= Beginning of Section =

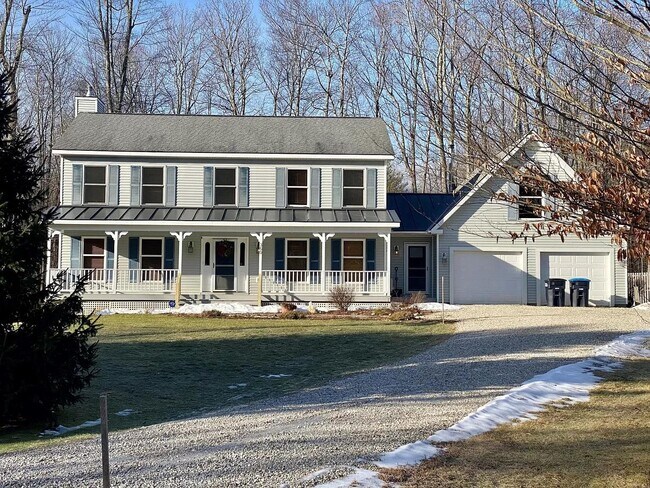 Building Photo - 360 Mending Walls Rd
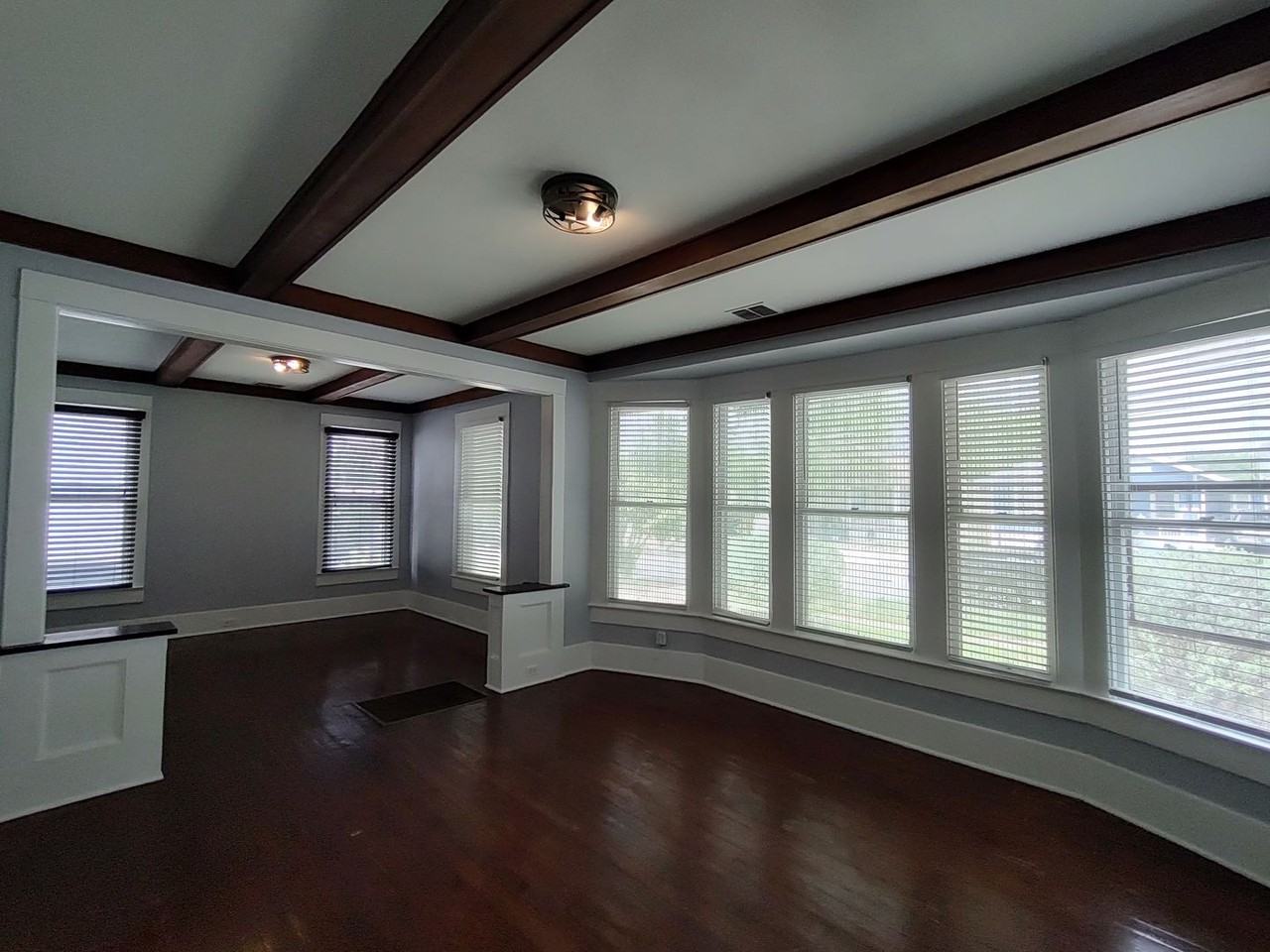 826 W Russell Pl - Photo 3 of 15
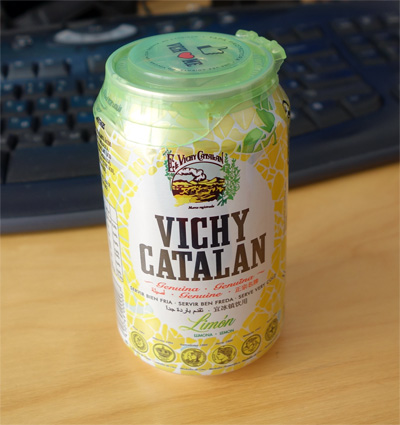 Газировка в жестянках 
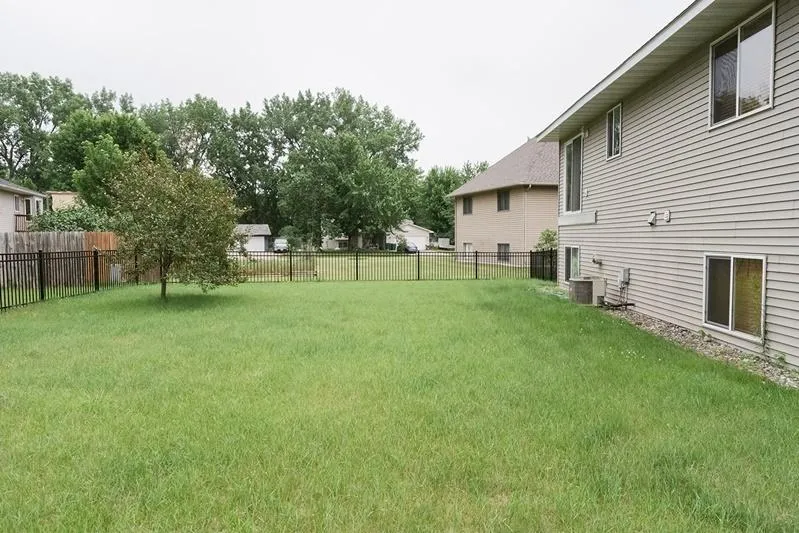 13474 Forrest Drive Becker, MN 55308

= End of Section =

[TRY IT]
Each line above is to be copied exactly, and the pictures are to be dropped.

[REPLY]
 Building Photo - 360 Mending Walls Rd
 826 W Russell Pl - Photo 3 of 15
 Газировка в жестянках 
 13474 Forrest Drive Becker, MN 55308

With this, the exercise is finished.